Speaker: Paola Merlo (University of Geneva)
Title: Quantitative Computational Syntax: some case studies
Time: Thursday, 3/21, 5-6pm
Location: 46-5165
Abstract: In the computational study of intelligent behaviour, the domain of language is distinguished by the complexity of the representations and the sophistication of the domain theory that is available. It also has a large amount of observational data available for many languages. The main scientific challenge for computational approaches to language is the creation of theories and methods that fruitfully combine large-scale, corpus-based approaches with the linguistic depth of more theoretical methods. I report here on some recent and current work on word order universals and argument structure that exemplifies the quantitative computational syntax approach. First, we demonstrate that typological frequencies of noun phrase orderings, universal 20, are systematically correlated to abstract syntactic principles at work in structure building and movement. Then, we investigate higher level structural principles of efficiency and complexity. In a large-scale, computational study, we confirm a trend towards minimization of the distance between words, in time and across languages. In the third case study, much like the comparative method in linguistics, cross-lingual corpus investigations take advantage of any corresponding annotation or linguistic knowledge across languages. We show that corpus data and typological data involving the causative alternation exhibit interesting correlations explained by the notion of spontaneity of an event.
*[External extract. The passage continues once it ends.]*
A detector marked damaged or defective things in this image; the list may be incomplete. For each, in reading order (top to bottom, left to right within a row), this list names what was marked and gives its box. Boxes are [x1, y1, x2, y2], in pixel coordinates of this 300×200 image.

Finally, time permitting, I will discuss current work investigating on whether the notion of similarity in the intervention theory of locality is related to current notions of similarity in word embedding space.
Bio:
Paola Merlo is faculty in the linguistics department of the University of Geneva. She is the head of the interdisciplinary research group Computational Learning and Computational Linguistics (CLCL). The group is concerned with interdisciplinary research combining linguistic modelling with machine learning techniques. The scope of her current research includes fundamental issues in the statistical nature of language, empirical evaluations of linguistic proposal about the lexical semantics of verbs and language universals of word order and statistical models of syntactic and semantic parsing. Prof. Merlo has been the editor of the journal of the Association for Computational Linguistics, Computational Linguistics, and has been member of the executive committee of the EACL and of the ACL. Prof. Merlo holds a doctorate in Computational Linguistics from the University of Maryland, USA. She has been associate research fellow at the Institute for Cognitive Science at the University of Pennsylvania, and has been visiting scholar at Rutgers, Edinburgh, and Stanford.